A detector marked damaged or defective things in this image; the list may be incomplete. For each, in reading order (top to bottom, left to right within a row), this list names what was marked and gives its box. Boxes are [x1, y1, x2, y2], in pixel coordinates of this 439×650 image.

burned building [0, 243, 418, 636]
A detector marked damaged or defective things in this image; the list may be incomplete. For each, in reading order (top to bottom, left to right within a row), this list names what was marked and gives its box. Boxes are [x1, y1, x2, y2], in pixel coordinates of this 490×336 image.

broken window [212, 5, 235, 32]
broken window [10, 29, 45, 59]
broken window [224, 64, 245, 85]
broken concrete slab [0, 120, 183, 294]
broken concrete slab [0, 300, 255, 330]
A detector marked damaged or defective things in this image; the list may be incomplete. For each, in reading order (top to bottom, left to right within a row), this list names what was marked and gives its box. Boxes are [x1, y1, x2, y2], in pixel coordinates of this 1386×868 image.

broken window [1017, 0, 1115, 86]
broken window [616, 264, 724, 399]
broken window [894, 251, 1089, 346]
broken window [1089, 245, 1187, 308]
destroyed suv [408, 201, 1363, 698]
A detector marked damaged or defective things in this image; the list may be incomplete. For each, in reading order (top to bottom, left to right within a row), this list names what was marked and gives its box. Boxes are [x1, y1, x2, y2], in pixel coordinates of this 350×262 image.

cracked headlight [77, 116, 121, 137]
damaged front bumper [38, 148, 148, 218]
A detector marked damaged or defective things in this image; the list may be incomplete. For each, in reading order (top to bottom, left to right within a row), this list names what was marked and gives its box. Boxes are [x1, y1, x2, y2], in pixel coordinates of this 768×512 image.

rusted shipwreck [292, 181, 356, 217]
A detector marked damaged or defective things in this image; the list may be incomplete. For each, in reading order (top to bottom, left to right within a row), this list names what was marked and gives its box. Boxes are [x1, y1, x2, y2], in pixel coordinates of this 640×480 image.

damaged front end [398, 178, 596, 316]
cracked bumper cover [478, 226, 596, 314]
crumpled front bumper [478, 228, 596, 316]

> What the task requires
Word for word, restate all of the records.

> Result of this task
A detector marked damaged or defective things in this image; the list may be incomplete. For each, in reading order (top to bottom, left to right within a row), this list names what was marked and gives its box. Boxes are [x1, y1, x2, y2], in pixel coordinates of this 439×650 image.

burned building [0, 243, 418, 636]
A detector marked damaged or defective things in this image; the list may be incomplete. For each, in reading order (top to bottom, left to right within a row), this list names what was marked and gives its box. Boxes are [x1, y1, x2, y2], in pixel coordinates of this 490×336 image.

broken window [212, 5, 235, 32]
broken window [10, 29, 45, 59]
broken window [224, 64, 245, 85]
broken concrete slab [0, 120, 183, 294]
broken concrete slab [0, 300, 255, 330]
A detector marked damaged or defective things in this image; the list may be incomplete. For each, in reading order (top to bottom, left to right within a row), this list names what was marked and gives its box. Boxes are [x1, y1, x2, y2], in pixel coordinates of this 1386×868 image.

broken window [1017, 0, 1115, 86]
broken window [616, 264, 724, 399]
broken window [894, 251, 1089, 346]
broken window [1089, 245, 1187, 308]
destroyed suv [408, 201, 1363, 698]
A detector marked damaged or defective things in this image; the list may be incomplete. For each, in reading order (top to bottom, left to right within a row), this list names what was marked and gives its box. Boxes are [x1, y1, x2, y2], in pixel coordinates of this 350×262 image.

cracked headlight [77, 116, 121, 137]
damaged front bumper [38, 148, 148, 218]
A detector marked damaged or defective things in this image; the list may be incomplete. For each, in reading order (top to bottom, left to right within a row), this list names what was marked and gives its box. Boxes are [x1, y1, x2, y2], in pixel coordinates of this 768×512 image.

rusted shipwreck [292, 181, 356, 217]
A detector marked damaged or defective things in this image; the list may be incomplete. For each, in reading order (top to bottom, left to right within a row), this list names what was marked and gives its box. Boxes are [x1, y1, x2, y2], in pixel coordinates of this 640×480 image.

damaged front end [398, 178, 596, 316]
cracked bumper cover [478, 226, 596, 314]
crumpled front bumper [478, 228, 596, 316]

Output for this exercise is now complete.